What are the top data analytics platforms of 2015?

Published in World Economic Forum in February 2015.

The past few years has seen an explosion in the number of platforms available for big data analytical tasks.

The open source Hadoop framework is free to use, but very technical to set up and not specialized towards any particular job or industry. To use it in your business, you need a “platform” to operate it from.

These platforms are commercial offerings (you pay an ongoing service charge), most of which take the Hadoop framework and build on it, to provide analytical services of practical use to businesses and organizations.

So here is a rundown, in no particular order, of ten of the best and most widely used of these services. Like any commercial product in a competitive market, each has its advantages and disadvantages, and you need to make sure you are picking the right tool for the job.

Cloudera CDH

Cloudera was formed by former employees of Google, Yahoo, Facebook and Oracle and offers open source as well as commercial Hadoop-based big data solutions with the label Cloudera Distribution including Hadoop, known as CDH. Their distributions make use of their Impala analytics engine which has also been adopted and included in packages offered by competitors such as Amazon and MapR.

Hortonworks Data Platform

Unlike every other big analytics platform, HDP is entirely comprised of open source code, with all of its elements built through the Apache Software Foundation. They make their money offering services and support getting it running and providing the results you are after.

Microsoft HDInsight

Microsoft’s flagship analytical offering, HDInsight is based on Hortonworks Data Platform, but tailored to work with their own Azure cloud services and SQL Server database management system. A big advantage for businesses is that it integrates with Excel, meaning even staff with only basic IT skills can dip their toes into big data analytics.

IBM Big Data Platform

IBM offers a range of products and services designed to make complex big data analysis more accessible to businesses. They offer their own Hadoop distribution known as InfoSphere BigInsights.

Splunk Enterprise

This platform is specifically geared to businesses that generate a lot of their own data through their own machinery. Their stated goal is “machine data to operational intelligence”. Internet of Things is key to their strategy, and among other products they provide the analytics behind the Nest wifi-enabled smart thermostat. Their analytics also drives Dominos Pizza’s US coupon campaigns.

Amazon Web Services

Although everyone thinks of them as an online store, Amazon also make money by selling the magic that makes their business run so smoothly to other companies. The business model was based on big data from the start – using personal information to offer a personalized shopping experience. Amazon Web Services includes its Elastic Cloud Compute and Elastic MapReduce services to offer large-scale data storage and analysis in the cloud.

Pivotal Big Data Suite

Pivotal’s big data package is comprised of their own Hadoop distribution, Pivotal HD and their analytics platform Pivotal Analytics. Their business model allows consumers to store an unlimited amount of data and pay a subscription fee which varies according to how much they analyze. The company is strongly invested in the “data lake” philosophy, of a unified, object-based storage repository for all of an organization’s data.

Infobright

Another database management system, again available in both an open source, free edition and a paid-for proprietary version. This product is geared towards users looking to get involved with the Internet of Things. They offer three levels of service for paid users, with more users given access to the helpdesk, and quicker email support response times, for higher tier customers.

MapR

MapR offer their own distribution of Hadoop, notably different from others as it replaces the commonly-used Hadoop File System with its alternative MapR Data Platform, which it claims offers better performance and ease of use.
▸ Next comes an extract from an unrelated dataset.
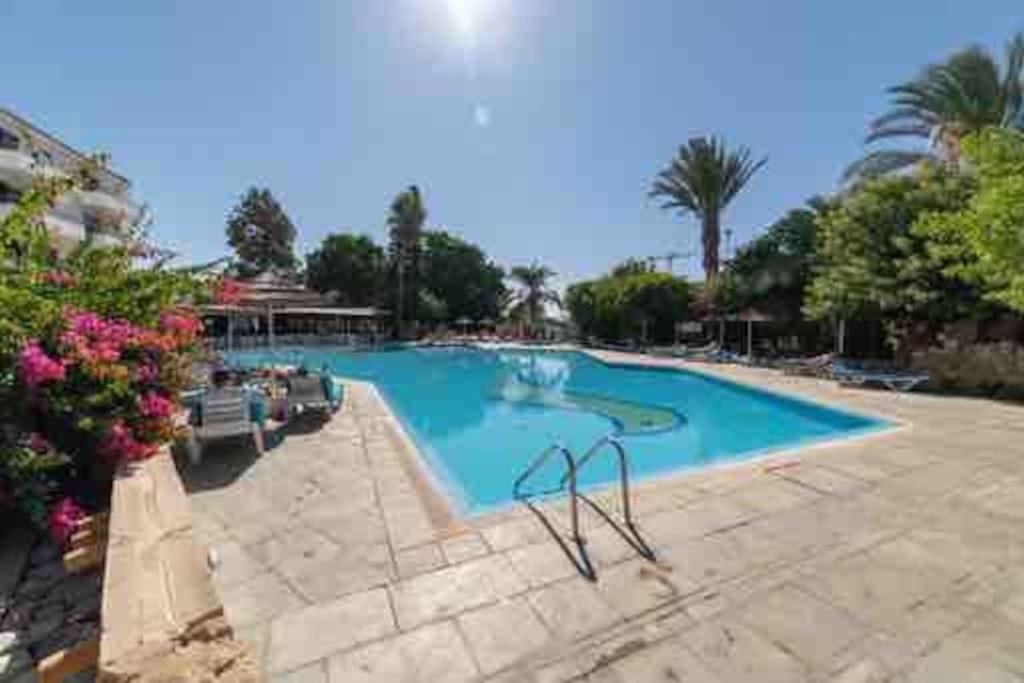 Dream Studio270M From The Beach Paphos Luaran gambar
Kognitio Analytical Platform

Like many of the other systems here, this takes data from your Hadoop or cloud-based storage network and gives the users access to a range of advanced analytical functions. Kognitio is used by BT to help set their call charges and by loyalty program Nectar for its customer analytics.

As always, I hope this was useful? Please let me know if you have any views or comments on the topic. E.g. are there other platforms you would include? Any practical tips on picking the right one for you?

This article is published in collaboration with Linkedin. Publication does not imply endorsement of views by the World Economic Forum.

To keep up with Agenda subscribe to our weekly newsletter.

Author: Bernard Marr is a globally recognized expert in strategy, performance management, analytics, KPIs and big data.

Image: Visitors stand in front of QR-codes information panels during a ceremony to open an information showroom in central Moscow April 29, 2014. REUTERS/Maxim Shemetov 
Advertisements

Communications and Impact Metrics for Think Tanks

Published in CIGI online in July 2013

This blog is based on a presentation made at the conference “Think Tanks – Facing the Changing World,” hosted by the Chinese Academy of Social Sciences in Beijing, June 17-18, 2013.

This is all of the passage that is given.